The main advantage of transportation electrification over internal combustion engine vehicles is reduction in fuel consumption. This leads to diminished greenhouse gas emissions, increase in clean energy usage and transportation energy efficiency enhancement. Requirement of plug-in electric vehicle (PEV) charging infrastructure and the impact of PEV load on the present distribution system limits PEV adoption. PEV load demand increase calls for infrastructure addition on generation, transmission, and distribution systems. The upgradation of these infrastructure is often capital intensive and has a long time-lag. However, a meticulously designed charging approach could minimize the infrastructure-upgradation requirements.

Besides increased load demand, other issues related to PEVs like compromised power quality, circuit reliability and the longevity of transformers can be mitigated by coordinated charging of PEVs. The three major concerns related to PEV charging are: i) satisfying power system operation constraints; ii) meeting customers’ PEV charging requirements with guarantees; and iii) catering to uncertainty in PEV arrivals over the operation period.

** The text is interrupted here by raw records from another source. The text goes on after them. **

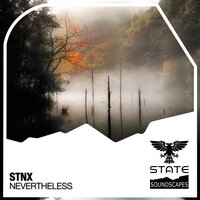 Stnx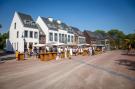 VakantiehuisNederland - Limburg: Resort Maastricht 10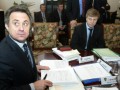 Стали известны имена переговорщиков от России по вопросу крымских команд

The centralized controlled charging methods implemented in [1]-[5] focus on utility requirements where grid constraints and minimizing the operational cost were primary goals. Such approaches do not incorporate customer preference and hence do not guarantee complete charging of PEVs by the end of available time. Similarly, a decentralized counterpart for PEV charging technique is formulated meeting the power system limits, but ignoring user preferences [6]. Several works have proposed charging scheduling approaches that meet customer requirements but ignore the modeling of power distribution system. For instance, references [7] and [8] used the centralized charging scheduling approach in which customer’s choice and charging profiles were taken into account. Reference [9] proposed centralized strategy with complex communication network to provide PEV charging schedule. A three-level hierarchical framework for decentralized control has been proposed in [10] to improve PEV charging and reduce the grid operation cost. Some studies like [11]-[13] considered both circuit constraints and consumer’s choice along with dynamic PEV arrival rate to reduce the charging cost for a fixed charging rate. In [14], the scheme for PEV charging management is based on heuristic algorithm and uses genetic algorithm optimization which also takes into account network constraints, charging requirements and user driving behaviour. The above methods did not tend ensure the charging satisfaction along with grid and customer requirements.

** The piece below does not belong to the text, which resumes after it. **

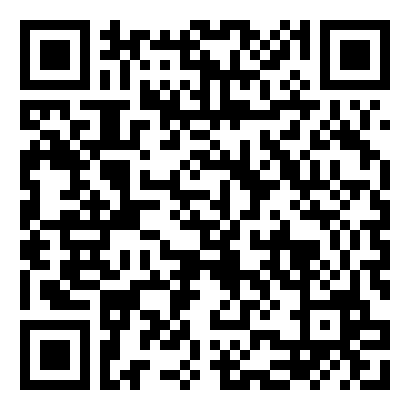 移动端二维码 - 工程板 - 灌阳县文市镇永发石材厂 www.shicai89.com - 绵阳分类信息 - 绵阳28生活网 mianyang.28life.net
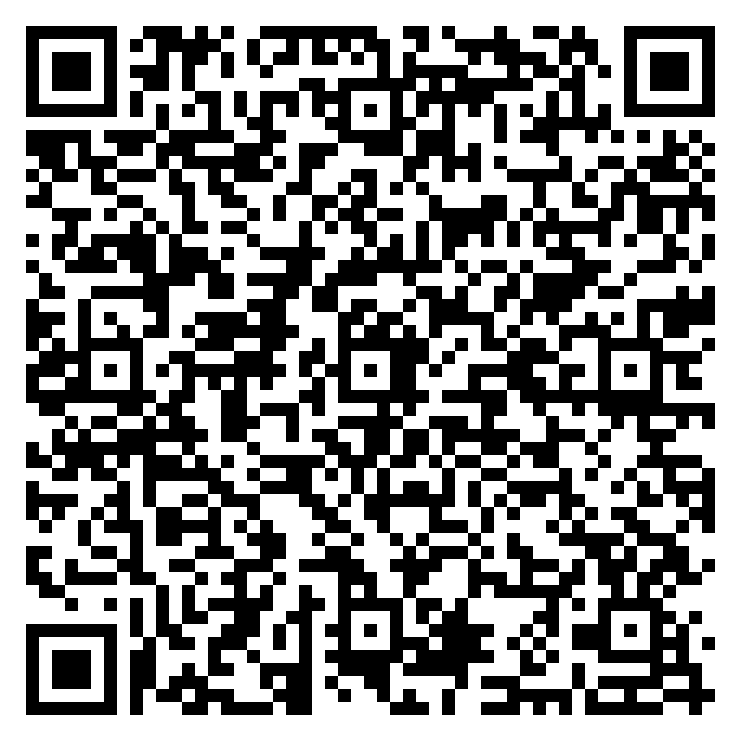 kod QR z danymi kontaktowymi 29240639400000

This work proposes a novel computationally tractable algorithm for real-time PEV scheduling based on a moving time horizon setting. Charging schedules are generated and revised periodically based on the actual number of PEVs arriving in real-time. The major contributions of the proposed formulation include:

  1. 1.

    The number of PEVs arriving in real-time is kept unknown, making the setup realistic.

  2. 2.

    Power system operational constraints are met for all operational periods.

  3. 3.

    Customers are offered different price choices that determine the time-of-return with required charging levels. Despite revisions to the charging schedules in every period, the time-of-return is satisfied for all customers under contract.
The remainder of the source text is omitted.